100(C_M/V) (p₁/p₃) (P₃/P₁),

in which C_M is the concentration, in μg per ml, of methylparaben in the standard preparation, and V is the volume, in ml, of the sample taken. Similarly, calculate the content, in μg per ml, of propylparaben (C₁₀H₁₂O₃) in the sample under test by the expression:

100(C_P/V) (p₂/p₃) (P₃/P₂),

in which C_P is the concentration, in μg per ml, of propylparaben in the standard preparation. Ethylparaben and Butylparaben may be determined in a similar manner.

POLAROGRAPHIC METHOD

Phenylmercuric Nitrate

      Standard preparation Dissolve about 100 mg of phenylmercuric nitrate, accurately weighed, in sodium hydroxide solution (1 in 250) contained in a 1000-ml volumetric flask, warming if necessary to effect solution, add the sodium hydroxide solution to volume, and mix. Pipette 10 ml of this solution into a 25-ml volumetric flask, and proceed as directed under Test preparation, beginning with “add 2 ml of a 1 per cent w/v solution of potassium nitrate”.

      Test preparation Pipette 10 ml of the sample under test into a 25-ml volumetric flask, add 2 ml of a 1 per cent w/v solution of potassium nitrate and 10 ml of borate buffer pH 9.2 and adjust to a pH of 9.2 if necessary, by the addition of 2 M nitric acid. Add 1.5 ml of a freshly prepared 0.1 per cent w/v solution of gelatin, then add borate buffer pH 9.2 to volume, and mix. 

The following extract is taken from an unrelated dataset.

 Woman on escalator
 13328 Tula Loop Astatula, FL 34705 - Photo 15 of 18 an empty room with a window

      Procedure Pipette a portion of the test preparation into the polarographic cell, and deaerate by bubbling nitrogen through the solution for 15 minutes. Insert the dropping mercury electrode of a suitable polarograph (Appendix 6.25), and record the polarogram from –0.6 to –1.5 volts versus the saturated calomel electrode. Determine the diffusion current of the test preparation, (i_d)_U, as the difference between the residual current and the limiting current. Similarly and concomitantly determine the diffusion current, (i_d)_S, of the standard preparation. Calculate the quantity, in μg, of phenyl mercuric nitrate (C₆H₅HgNO₃.C₆H₅HgOH) in each ml of the sample taken by the expression:

2.5C[(i_d)_U/(i_d)_S],

in which C is the concentration, in μg per ml, of phenylmercuric nitrate in the standard preparation.

Thiomersal

      Standard preparation On the day of use, place about 25 mg of thiomersal, accurately weighed, in a 250-ml volumetric flask, add water to volume, and mix. Protect from light. Pipette 15 ml of this solution into a 25-ml volumetric flask, add 1.5 ml of a freshly prepared 0.1 per cent w/v solution of gelatin, then add a 1 per cent w/v solution of potassium nitrate to volume, and mix.

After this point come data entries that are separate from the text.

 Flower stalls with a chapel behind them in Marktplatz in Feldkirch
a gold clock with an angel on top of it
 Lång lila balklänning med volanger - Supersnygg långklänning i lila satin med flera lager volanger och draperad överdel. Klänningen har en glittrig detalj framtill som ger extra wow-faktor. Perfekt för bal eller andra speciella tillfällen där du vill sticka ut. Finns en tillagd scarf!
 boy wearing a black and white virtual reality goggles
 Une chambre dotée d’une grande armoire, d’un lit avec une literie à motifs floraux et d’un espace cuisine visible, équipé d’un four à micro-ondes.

      Test preparation Pipette 15 ml of the sample under test into a 25-ml volumetric flask, add 1.5 ml of a freshly prepared 0.1 per cent w/v solution of gelatin, add a 1 per cent w/v solution of potassium nitrate to volume, and mix.

      Procedure Transfer a portion of the test preparation to a polarographic cell, and deaerate by bubbling nitrogen through the solution for 15 minutes. Insert the dropping mercury electrode of a suitable polarograph (Appendix 6.25), and record the polarogram from –0.2 to –1.4 volts versus the saturated calomel electrode. Determine the diffusion current, (i_d)_U, as the difference between the residual current and the limiting current. Similarly and concomitantly determine the diffusion current, (i_d)_S, of the standard preparation. Calculate the quantity, in μg of thiomersal (C₉H₉HgO₂S.Na) in each ml of the test specimen taken by the expression:

1.667C[(i_d)_U/(i_d)_S],

in which C is the concentration, in μg per ml, of thiomersal in the standard preparation and the other terms are as defined therein.